Tanzania lures tourists to live with primitive tribe

Adventure tourists take cultural journey, learn hunting, survival skills with Hadza tribe living in forests of Tanzania

By Kizito Makoye

Manyara, TANZANIA (AA) – Tanzania is enticing adventure tourists to spend time with the primitive Hadza tribe living deep inside forests of Yaeda Valley in the northern part of the country.

Numbering approximately 1,300, anthropologists believe that they represent a modern link to ways of human existence and survival.

The tourists, who enlist for the trip undertake a cultural journey, learn hunting techniques and survival skills from this primitive tribe, said Ezekiel Phillipo, a leader of the Hadza community.

From lighting a fire by rubbing a wooden stick between their palms against a small hole gouged on a piece of log, the tourists grasp the ancient technique of igniting the fire.

A tourist Jennifer Brown, who has flown from Michigan in the US to spend time with the primitive tribe, said they deserve an improved life.

“It is a fantastic experience.

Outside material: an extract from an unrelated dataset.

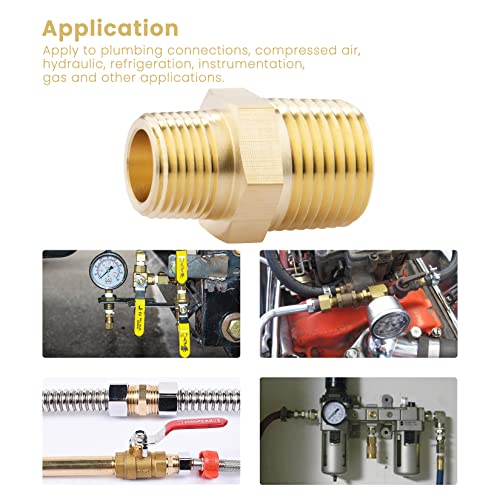 KOOTANS 1/2 NPT x 3/8 NPT Male Solid Brass Hex Nipples,4 PACK - size: 1/2 NPT x 3/8 NPT (O.D x O.D: 3/4'' x 5/8'')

It baffles my mind how these people manage to survive with very little resources,” she said.

She had joined Hadza women singing and dancing under a moonlit night. She recalls that men dressed in feathered headdresses and bells around their ankles stomped their right feet in the tune of the singing.

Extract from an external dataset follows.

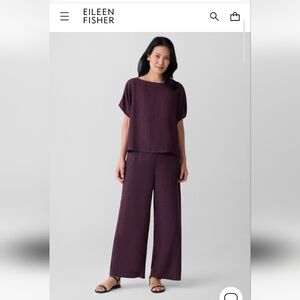 NWT Eileen Fisher BLACKBERRY Woven Plissé Wide-Leg Pant, Size PS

Luka Kikwa, 30, a tribal said the visitors share dinner with his family, which includes hunted animals and edible plants. The tribals eat everything they can kill, from birds to wild pigs, buffalos to baboons.

According to Phillipo, they smear poison on their arrow tips made up of the boiled sap of the desert rose and are powerful enough to kill a big animal. Tourists spend nights in temporary thatched shacks made of dried grass and tree branches, the abode of tribals.

Kikwa in his home has just a cooking pot, water container, and an ax which he often carries on his shoulder.


-Showcasing ancient skills

While there is little hunting ground now left due to encroachments, off late the tribal elders with the help of the Tanzanian government have switched to earn a living by promoting cultural tourism, where they demonstrate their unique skills to visitors.

Adventure tourists drive through the rift valley, up the cliff over the Mbulu plateau, and venture to the banks of serene Eyasi Lake to camp at the Yaeda Valley.

The visitors say that the traditional and unchanged way of life of tribals is exciting for them.

Phillipo, said the visitors along with tribe members collect tubers, berries, and other wild fruit along with honey depending on the season.

Tourists say, walking through the forest is challenging as it is packed with spiked acacia trees and thorny bushes.

“For us, every day is a struggle, we have to find something for the family to eat,” said Kikwa.

Kikwa, who is married and has three children, has scars on his chest and arms as marks of his struggle with bushes, snakebites, arrows, and knives.

He, however, opposes the idea of switching to a modern lifestyle.

“We cannot survive without hunting,” he said.

While some Hadza families have started to let their children go to school, but many of them drop out or escape from classrooms to return to forests.